Lakwena Maciver: I Remember Paradise January 17, 2015 - March 22, 2015
CLICK TO SEE ARTWORKS FROM THE EXHIBITION
Read Christopher Knight's review of the exhibition for the Los Angeles Times
Lakwena Maciver is a London-based artist exhibiting work internationally, in galleries and on the street. Inspired by the seemingly universal human instinct for adornment of people, objects and spaces, much of Lakwena's work is an exploration of how this decorative instinct is outworked in popular culture and within the urban environment, and its use and power as a means of communication.
Borrowing from the techniques and conventions of both traditional sign-writing and contemporary graphic design, and in response to mass-communication as a form of myth-making, Lakwena's frequent use of a combination of text and image re-appropriates the powerful and monumental visual language and lyrical mythologising of commercial advertising billboards.
Informed by decoration both aesthetically and conceptually, Lakwena explores the messages that decoration is used to communicate, its traditional use in worship and myth-making and how this translates into contemporary popular culture. Concerned with the significance of how and who we decorate, and what this reflects about our values and beliefs, Lakwena's use of kaleidoscopic colours, bold pattern and adornment act as powerful signifiers to redefine and reassign value and glory.
On the theme of the artist as mythologist, in her series 'I remember Paradise', Lakwena uses the relationship between myth and adornment to explore the possibility that myths - expressed through films, paintings, songs, advertisements - carry 'echoes' of paradise, pointing to a past and a future glory which we only see glimpses of in the present.
The 19th century poet Charles Baudelaire laid down the brief that artists should 'depict the heroism of everyday life…extract the epic from the kaleidoscope of appearances…distil the eternal from the transitory'. In today's image-saturated society where these words take on a new poignancy, Lakwena seeks to respond to this brief through her own cultural lens. With the increasingly vast number of images that we encounter in daily life, the epic nature of Lakwena's work forces us to stand for a moment and look into one image, in a way pausing time. Acting as either screens or mirrors, depending on your viewpoint, these works echo recollected memories about ourselves and our situation.
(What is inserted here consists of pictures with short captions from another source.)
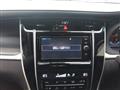 2016 Toyota Harrier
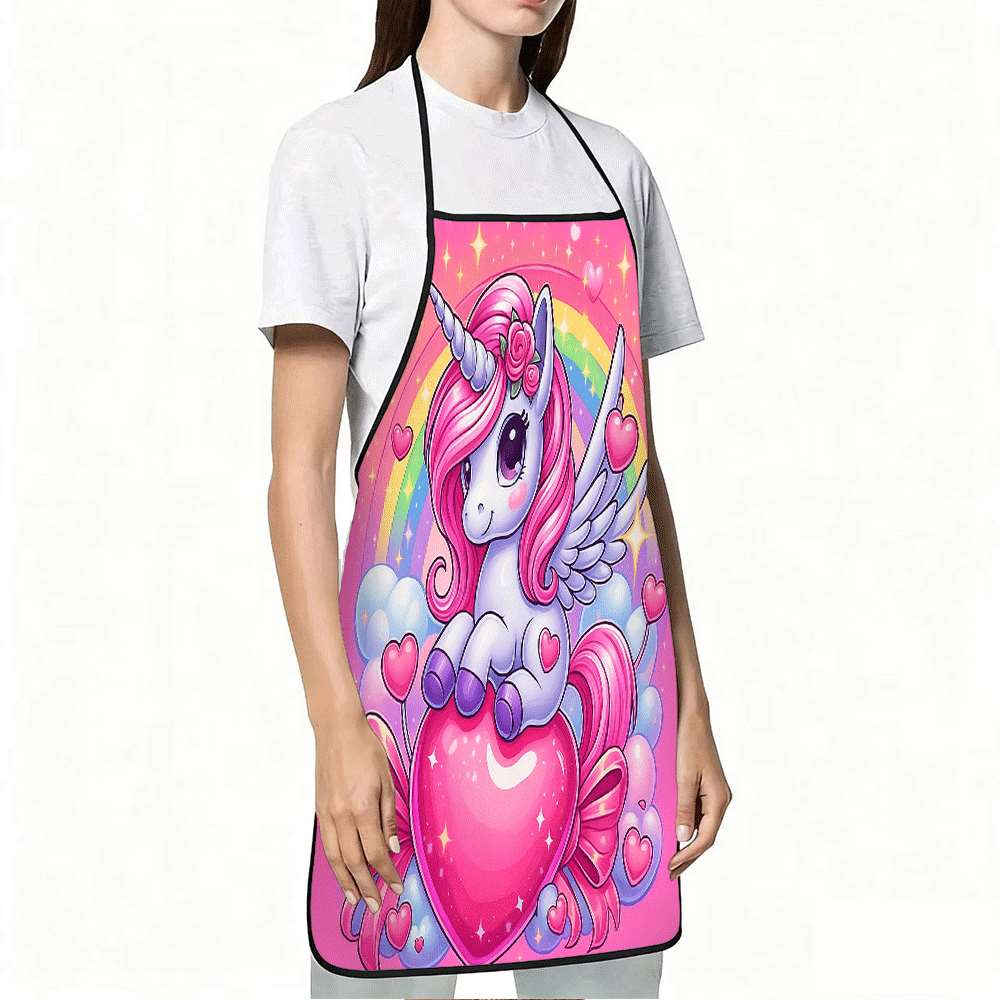 1 Piece of Fun Fantasy-Themed  - đánh giá và giá Home Cooking Ideas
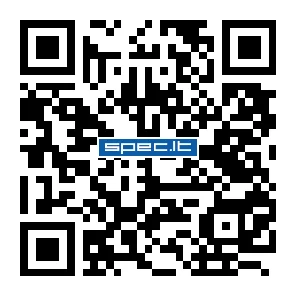 QR kodas | Garažų savininkų bendrija Ąžuolas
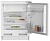 Фото товара: Indesit IBUD 109
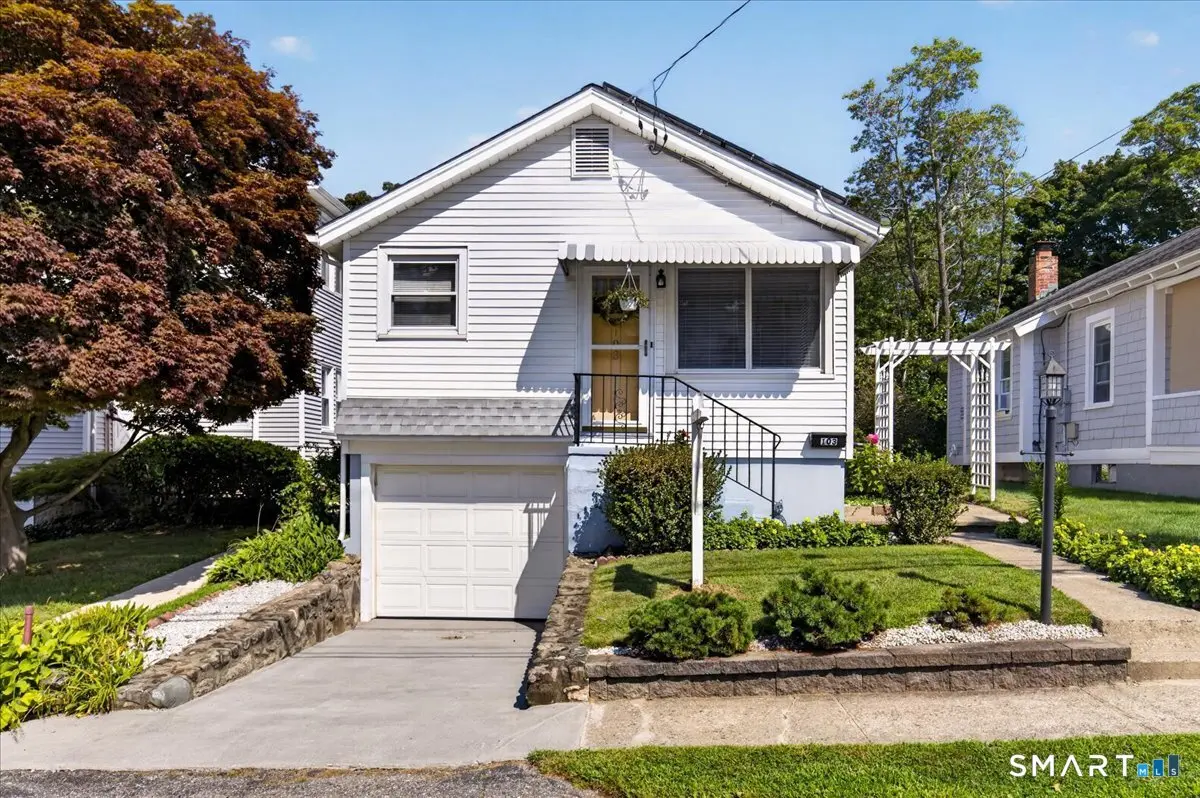 103 Orland Street, Milford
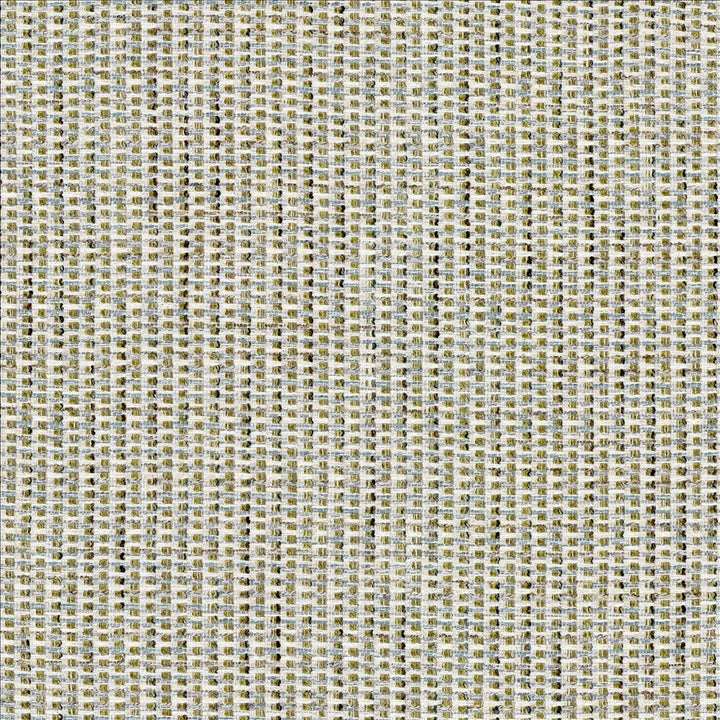 Rory Peridot  by Kasmir Fabric 1474 77% Polyester 11% Cotton 6% Linen 6% Rayon  INDIA  </p><p>Repeat: Horizontal: N/A and Vertical: N/A 55  - Fabric Carolina -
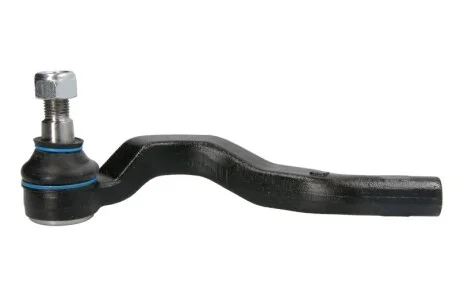 Рульовий наконечник Reinhoch RH013036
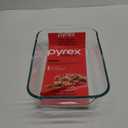 PYREX Baking Dish 9x13, 1 EA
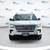 2018 Ford Explorer Base 8 thumbnail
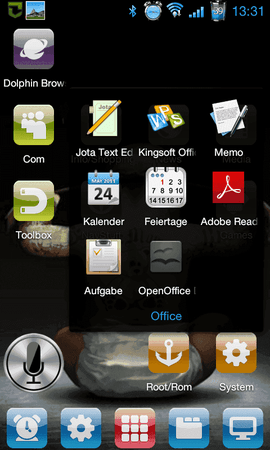 Screenshot_2012-09-09-13-31-18.png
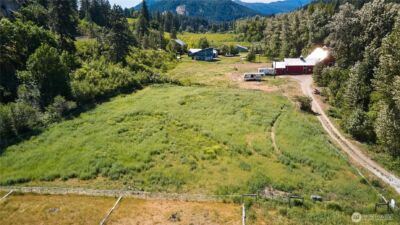 68 Sylvester Meadows Lane , Leavenworth, WA 98826 - Photo 18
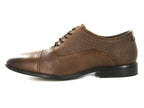 Zapatos Fabian Arenas 2-51 Para Hombre
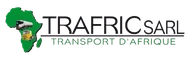 TRAFRIC SARL — Transport d'Afrique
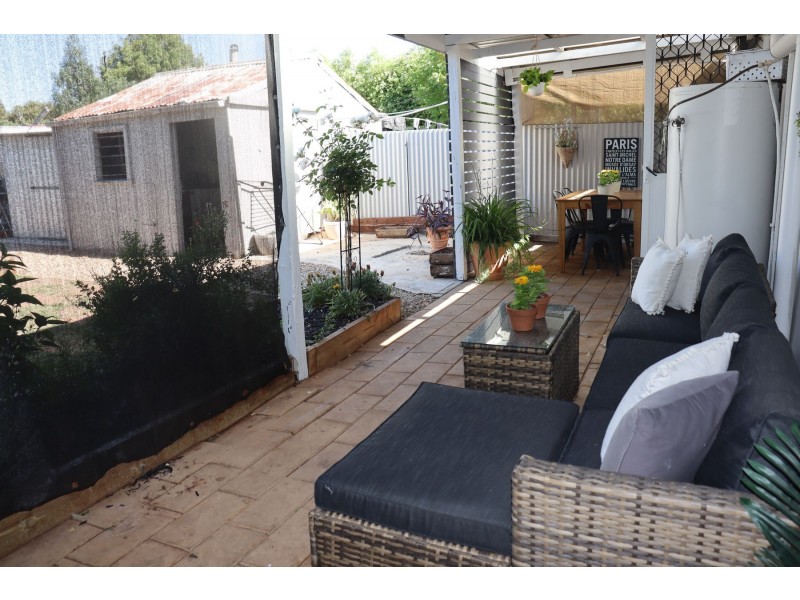 156 Boundary Street, Kerang VIC 3579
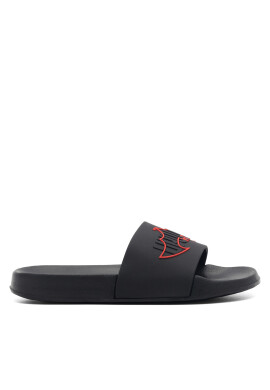 Batman Чехли AW23-43WBBAT-A Черен - Mera.bg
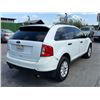 Image 3 : FORD EDGE 2014 T-REPO 2 DAYS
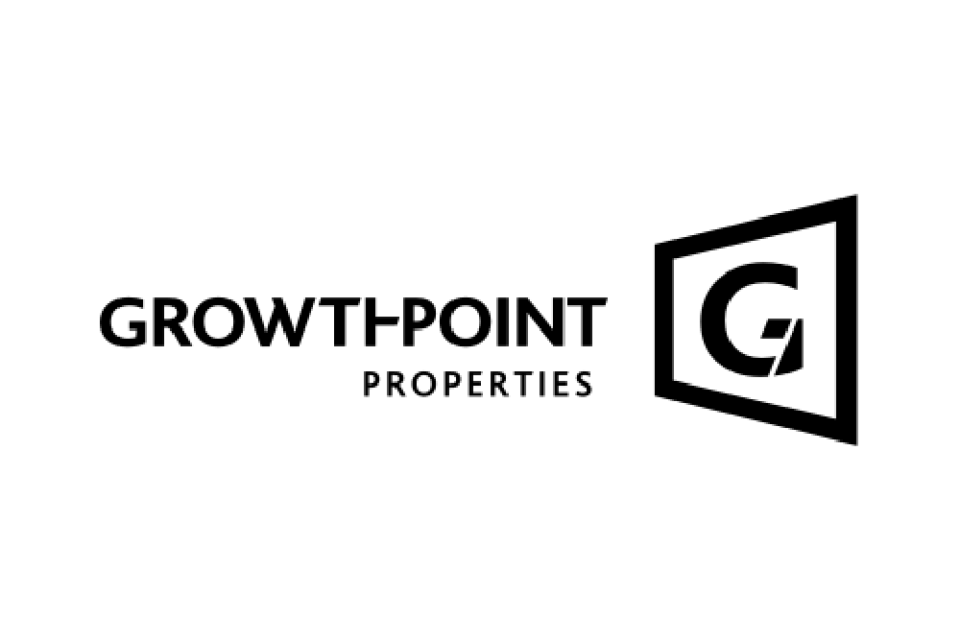 Growthpoint Properties logo
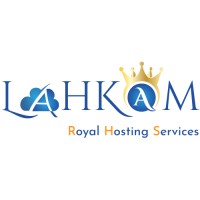 Lahkam logo - Similar company to 2C With You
This project began in Miami and continued in Las Vegas, once described as 'a place of broken dreams'. It is only fitting that it culminates in Los Angeles, home of Disneyland and Hollywood, it seems appropriate for a project which seeks to add to contemporary mythology. The fact that Hollywood is like an adult version of Disneyland, and both are probably the two biggest purveyors of contemporary mythology in the world.